(Stored data)
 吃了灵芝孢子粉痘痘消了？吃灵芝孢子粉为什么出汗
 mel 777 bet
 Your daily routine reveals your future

==

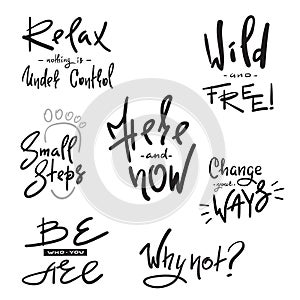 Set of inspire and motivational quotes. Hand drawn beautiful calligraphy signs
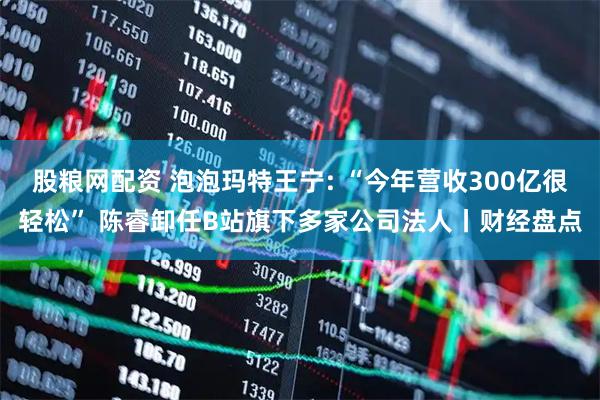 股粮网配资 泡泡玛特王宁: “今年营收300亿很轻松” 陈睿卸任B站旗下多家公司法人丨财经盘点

* * *

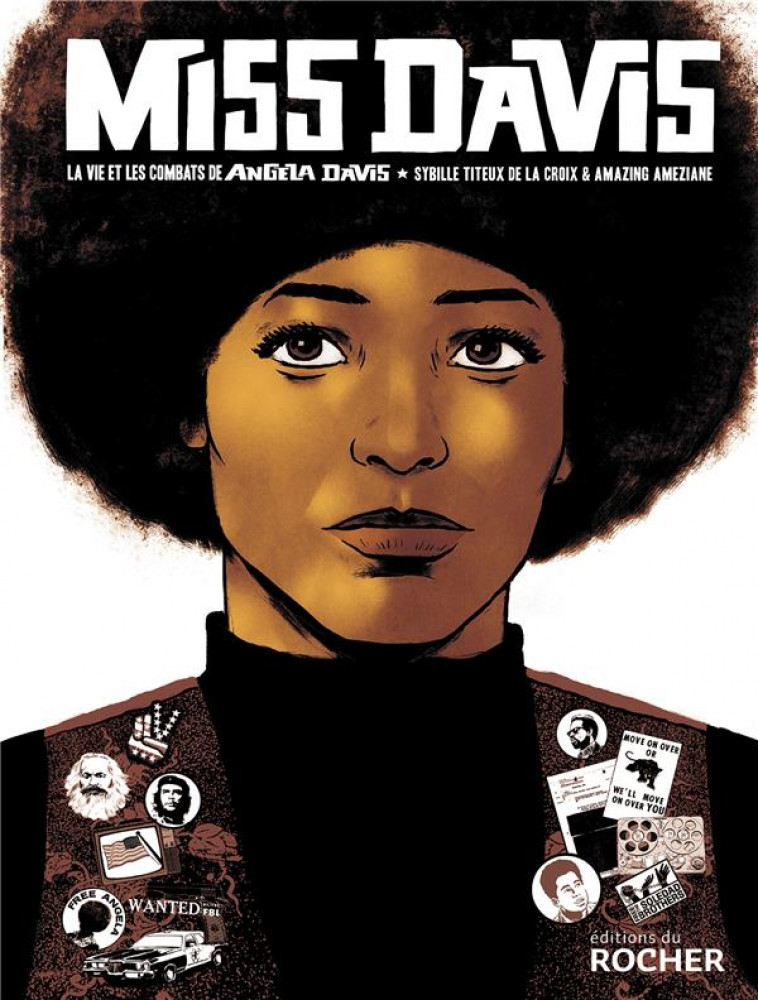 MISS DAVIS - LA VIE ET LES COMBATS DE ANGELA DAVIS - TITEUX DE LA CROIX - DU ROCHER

(The task) Reproduce exactly, and only, the part of the listing above that begins at the line with "mel 777 bet" and goes on through the line with "Your daily routine reveals your future".

(Result of this exercise)
 mel 777 bet
 Your daily routine reveals your future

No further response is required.